This is somewhat unrelated to the seccomp notifier but since ptrace() came up
I want to lose a few words about it. (And this is more a criticism of the
interface not the implementation. I love Oleg who maintains it and is one of
the few people who understand all its intricacies!)

As a rule of thumb: you can do almost anything with ptrace(). Which is why
people not really putting an effort into kernel patch reviews often come up
with the argument "Why do you need a separate api for that. You can already do
that with ptrace().". To which the correct answer in my book almost always is:
"Because it would be a horrible hack." Effectively, when introducing a
dedicated api to do something that you can in some shape or form do with
ptrace() is the equivalent to moving it from a debugging hack to a (hopefully
well-designed) feature.

Hell, the history of CRIU is essentially the history of building apis out of
ptrace() hacks (I'm being facetious of course.).

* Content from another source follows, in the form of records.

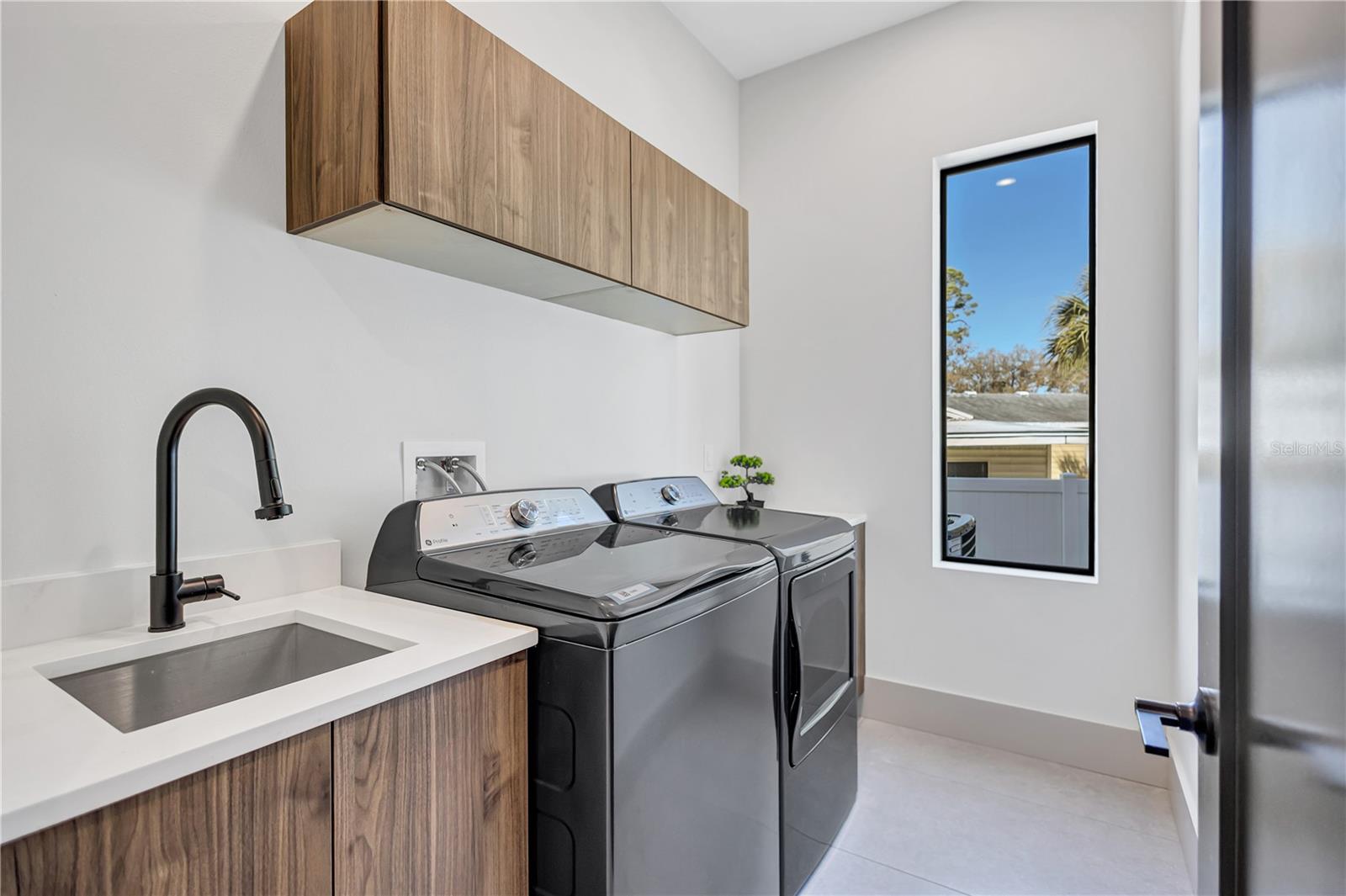 275 LIME CIR — photo 25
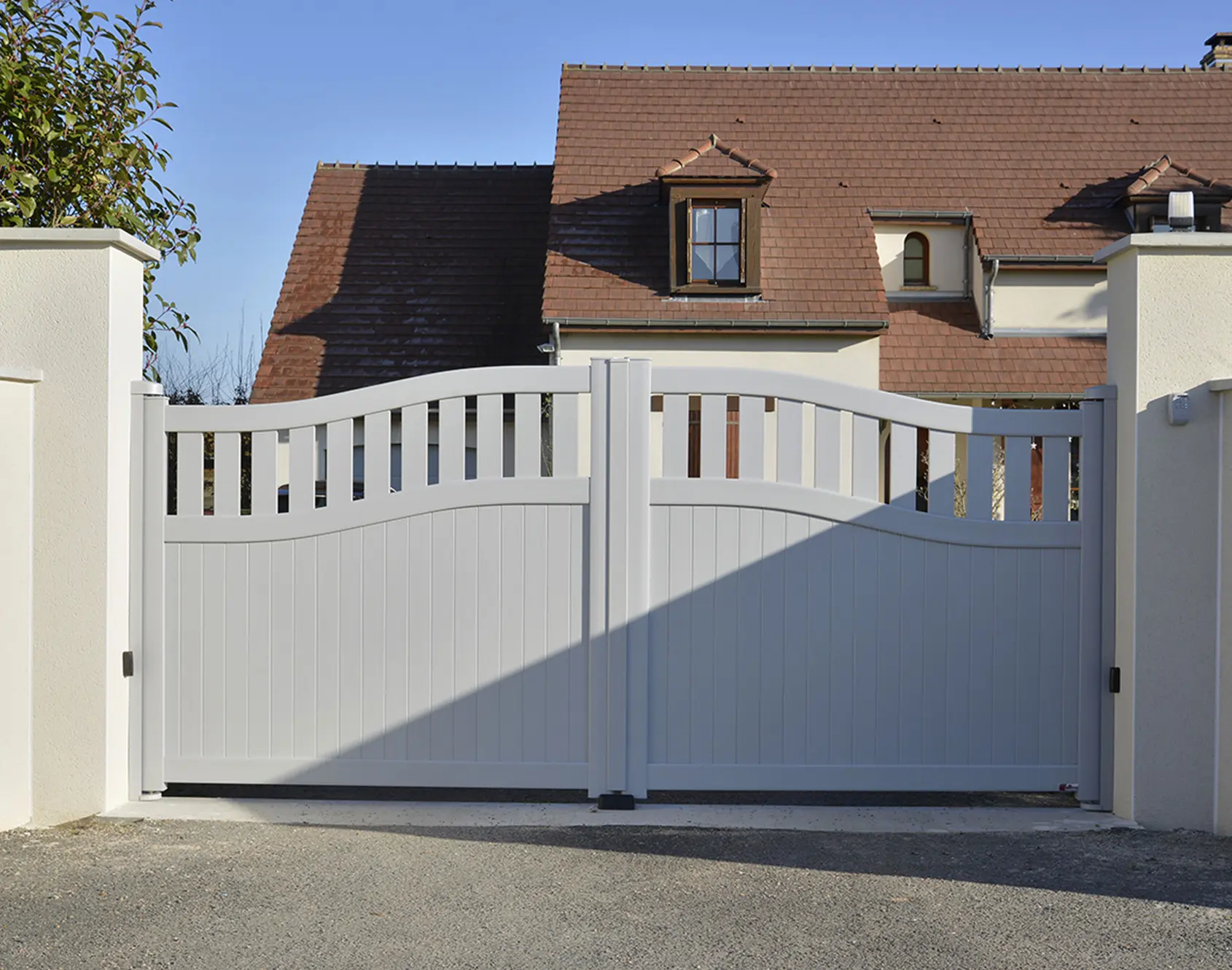Portail aluminium battant Enez par kostum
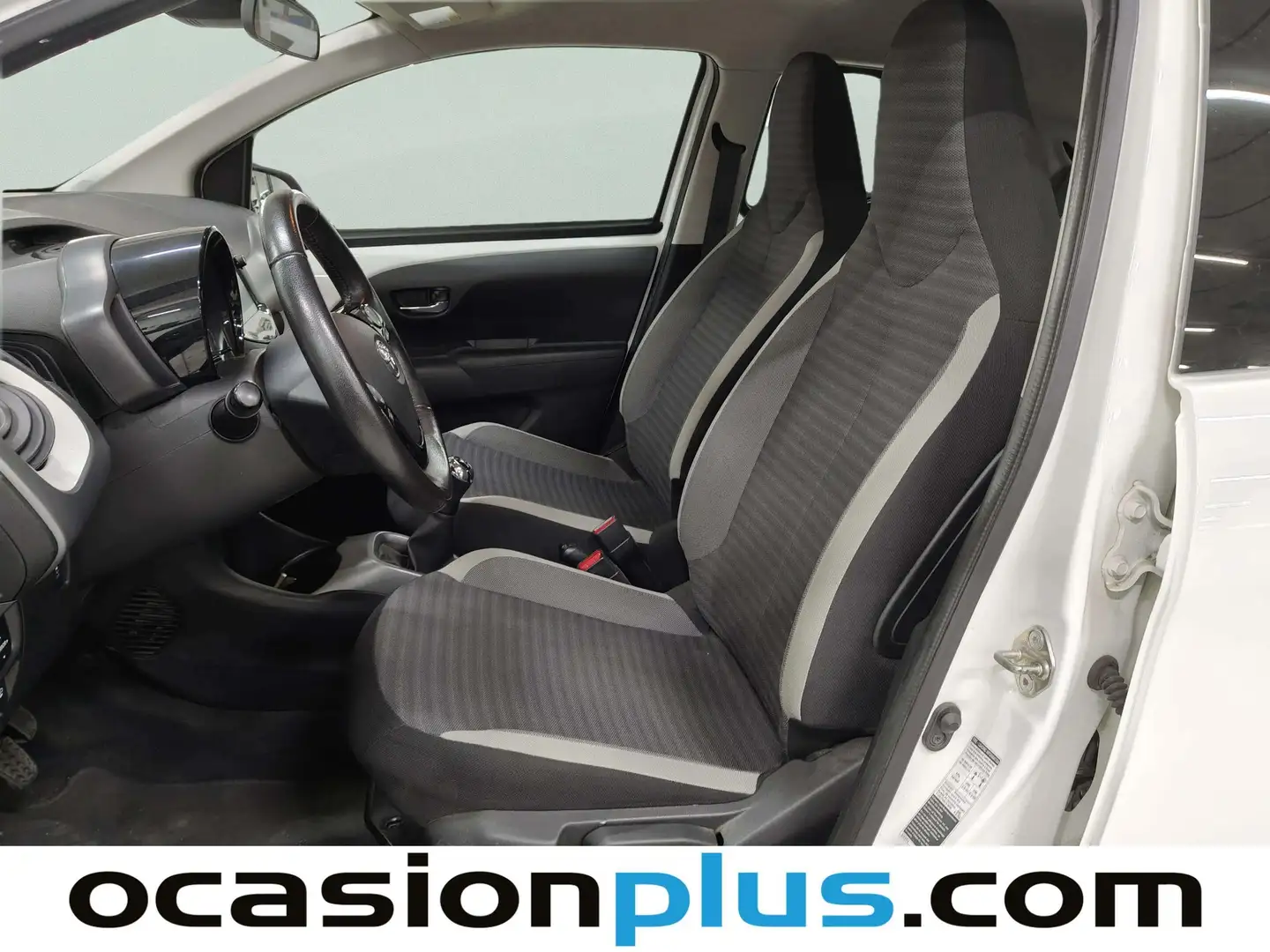 Foto Toyota Aygo Toyota Aygo 1.0 70 x-play (72 CV)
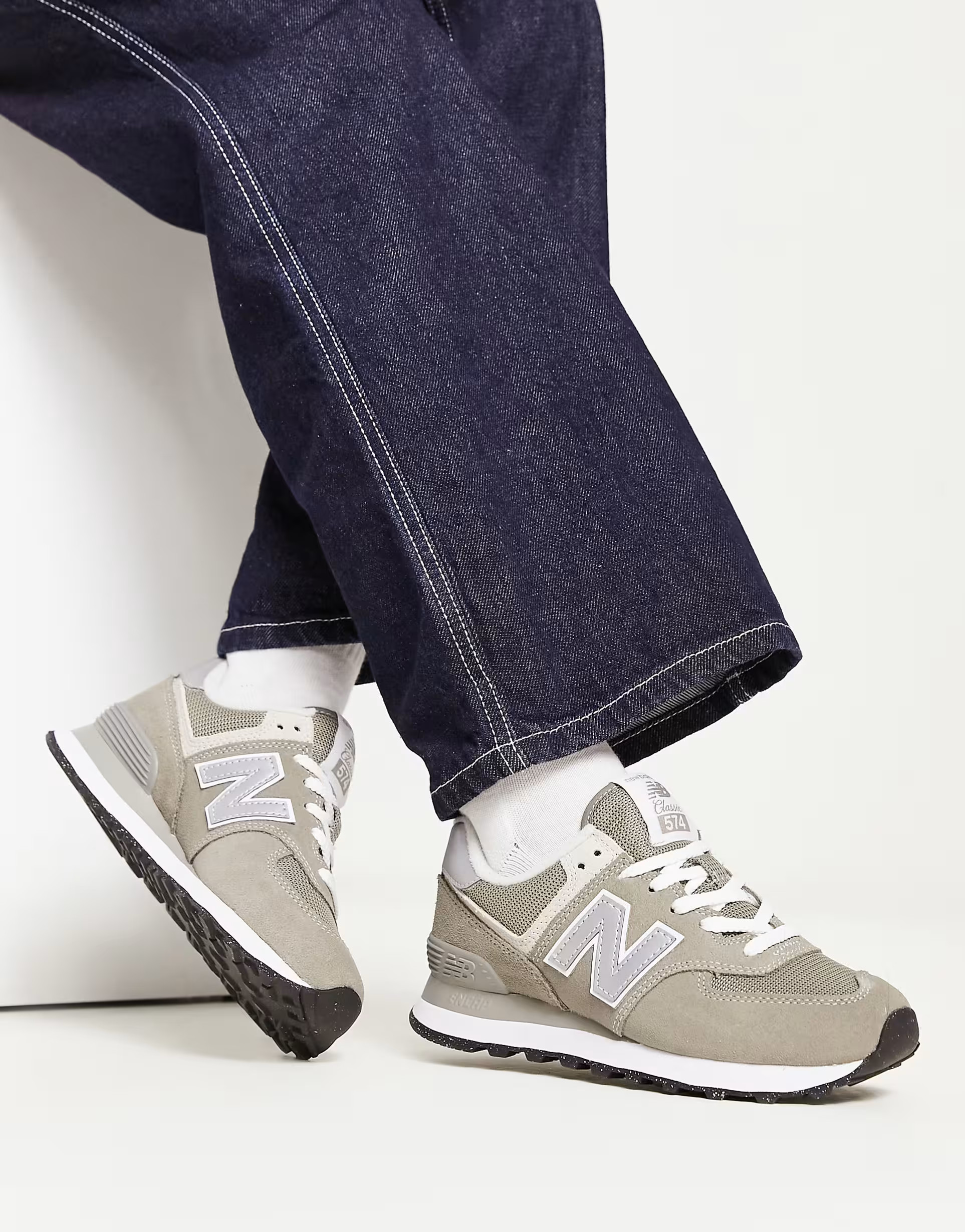 New Balance 574 trainers in grey | ASOS (Global)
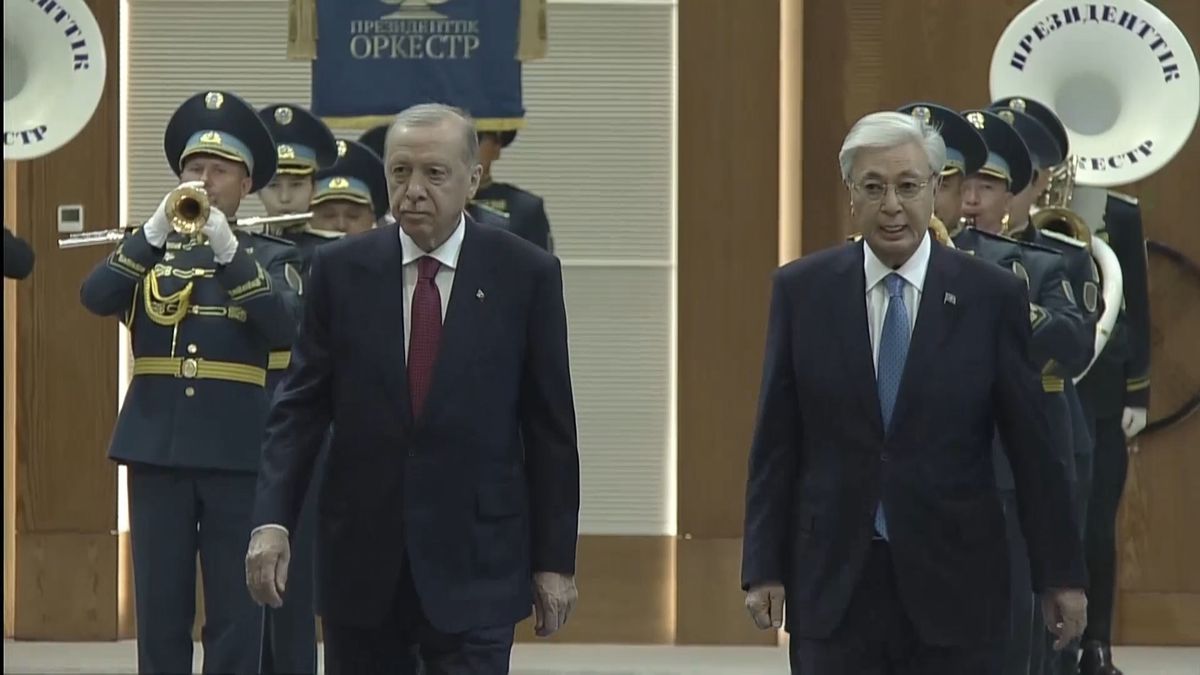 Erdoğan, Kazakistan\'da Tokayev tarafından karşılandı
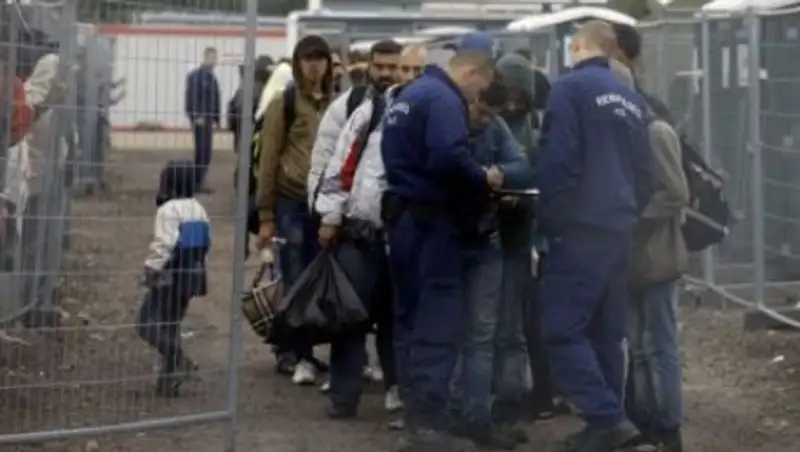 ООН призвала страны ЕС не отправлять беженцев в Венгрию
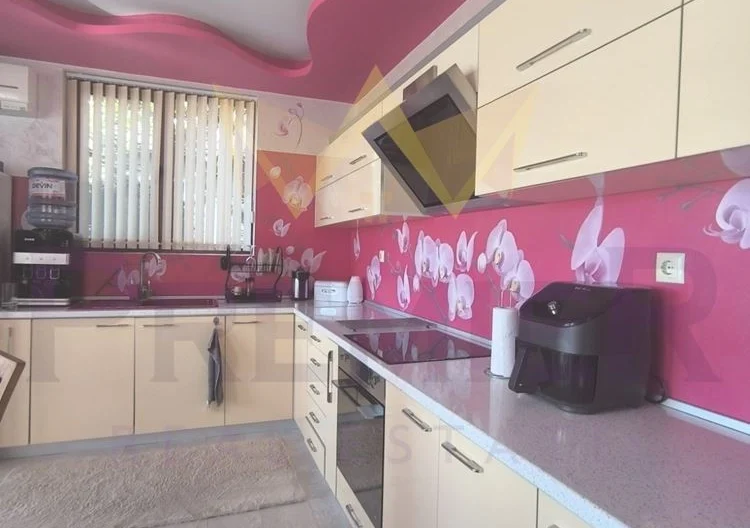 Имоти Премиер продава прекрасна триетажна къща с панорамна гледка в гр. Варна! - - снимка 9 - Имоти Премиер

Imho, with ptrace() you're always in non-cooperative mode to some extent, i.e.
you force the behavior on the task. The whole kernel code for ptrace() attach
is literally "I'm your parent now." whereas features such as the notifier are
almost always cooperative since the task itself is doing the work.
Specifically for the notifier the nice thing is that all the work is happening
in the task itself. This is especially relevant when you e.g. install file
descriptors into the task which is a future patchset that is about to be
merged.